> _Provided information_:
-- -- --

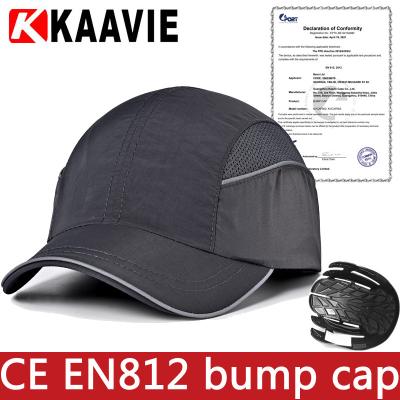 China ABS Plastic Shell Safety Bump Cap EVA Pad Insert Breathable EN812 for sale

-- -- --

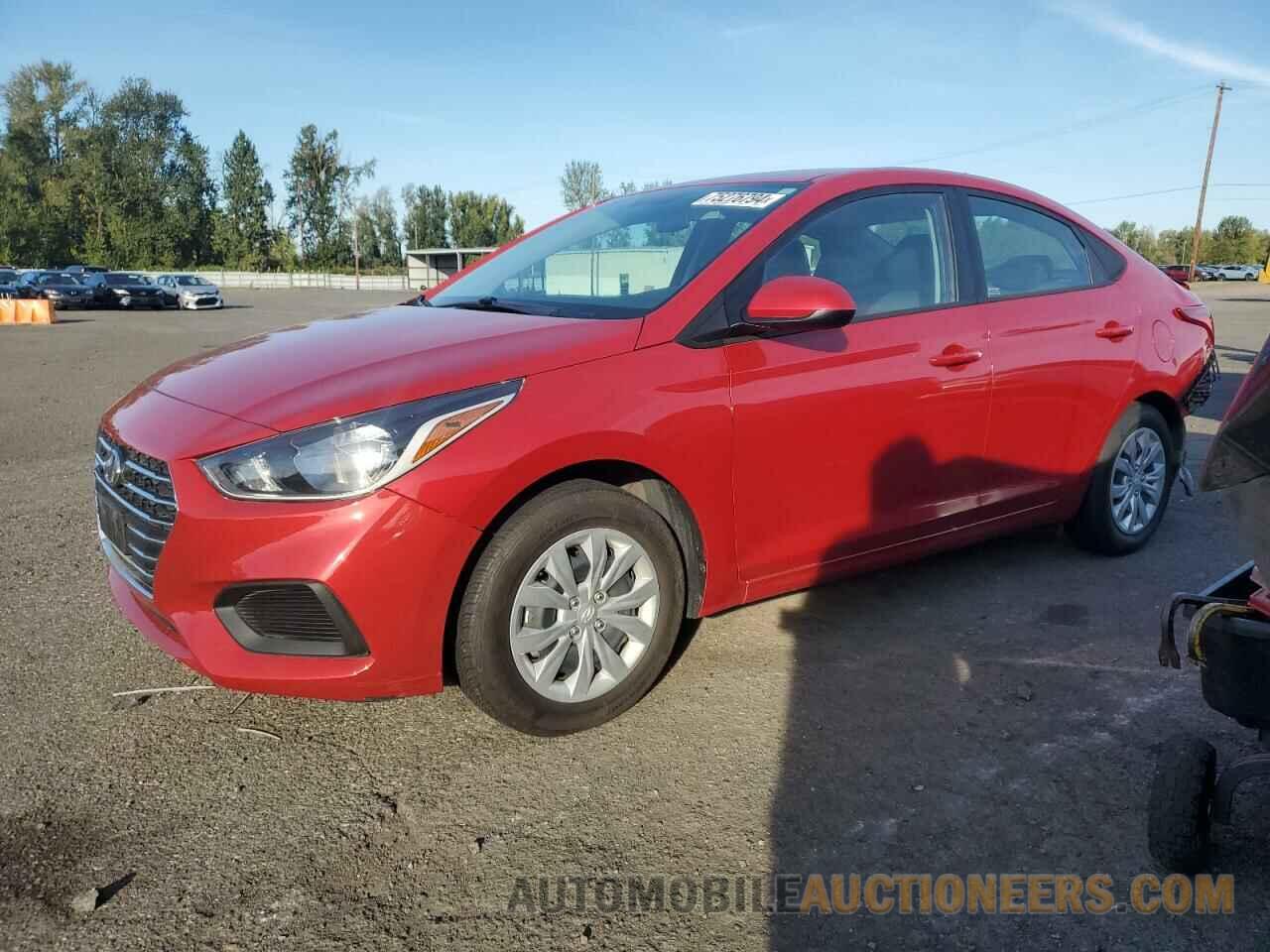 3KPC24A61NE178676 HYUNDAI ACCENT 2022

-- -- --

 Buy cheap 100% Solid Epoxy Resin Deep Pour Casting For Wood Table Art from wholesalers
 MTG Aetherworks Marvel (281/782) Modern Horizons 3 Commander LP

-- -- --

> _How to complete this task_: Would you copy out exactly the lines above that start at the one containing "Buy cheap 100%" and end at the one containing "MTG Aetherworks Marvel", inclusive?

> _Final answer_:
 Buy cheap 100% Solid Epoxy Resin Deep Pour Casting For Wood Table Art from wholesalers
 MTG Aetherworks Marvel (281/782) Modern Horizons 3 Commander LP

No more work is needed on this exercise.